Dentro de María, en lo escondido de su vientre, el Espíritu Santo logró lo impensable. Unió la carne del hombre con toda la divinidad de Dios. María ofreció la entraña y el Espíritu su amor. Dios unió sin que la carne y la divinidad se mezclaran o se confundieran. Porque está bien que el hombre siga siendo hombre. Y porque necesitamos que Dios no pierda ni un poco de lo suyo. Cristo, sentado ahora a la derecha del Padre, envía el Espíritu para que realice de nuevo su prodigio – unir al Creador y a la criatura, tejer la estofa del Cielo con la fibra del hombre y la misericordia de Dios.

Hizo Dios la creación. Nos regaló después al Hijo. Y celebramos hoy que nos envía también al Espíritu Santo. Don, don, don. Como si Dios desde el Cielo sólo siempre mirase hacia abajo, buscando nuestros rostros vueltos hacia arriba. Pero, ¿acaso nos falta algo que Dios tiene que estar siempre volcándose sobre nosotros? ¿Nos falta algo? ¿Cabe siquiera esta pregunta en nuestras frenéticas vidas?

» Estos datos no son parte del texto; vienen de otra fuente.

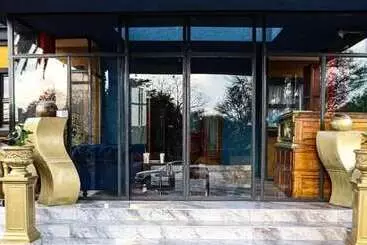Hotel National Lodge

Es como una especie de secreto que susurramos sólo a veces, casi siempre envueltos en la oscuridad. Lo regalamos de noche, después de la carrera diurna, cuando el fin de la jornada nos vuelve a anunciar que no poseemos, eso que nos falta. Sí, nos falta algo: nuestra carne vive vacía. Casi nunca se lo decimos al que tenemos cerca, a ese que sabemos que nos quiere bien. El autorretrato solemos regalarlo al recién llegado, como en una especie de ritual – como mucho, se lo testimoniamos al que tenemos lejos. Recién llegados, amigos puntuales, o al que ya marchó, porque así no tenemos que vérnoslas con el que sabe, con quien ha descubierto que estamos faltos por dentro.

No queremos que se sepa. Y entonces nos copiamos unos a otros, para que no se fijen en nosotros, todos idénticos, al son de la moda – de las modas de trapos, o de las modas de ideas. Sin preguntas, huyendo de las esperas, atiborrados de cosas, de las mismas cosas que todos los demás. ¿Don? Sólo sospechamos…

El Espíritu Santo es don. Amor que conoce y decide amar. Que toca nuestra carne asolada y decide amar. Amor que llega y no se quiere ir. Que quiere dar y tomar. Tomar nuestro vacío, nuestra nostalgia, para dársela como justificación del don. Él es lo que nos falta, y Jesús nos lo envía. Lo recibieron los apóstoles, cada uno, de manera personalísima, pero cuando estaban juntos, reunidos en torno a María. El Espíritu se da en el Cenáculo, a la Iglesia que celebra la Eucaristía. Acudamos al altar, para que nos sople su vida y su amor.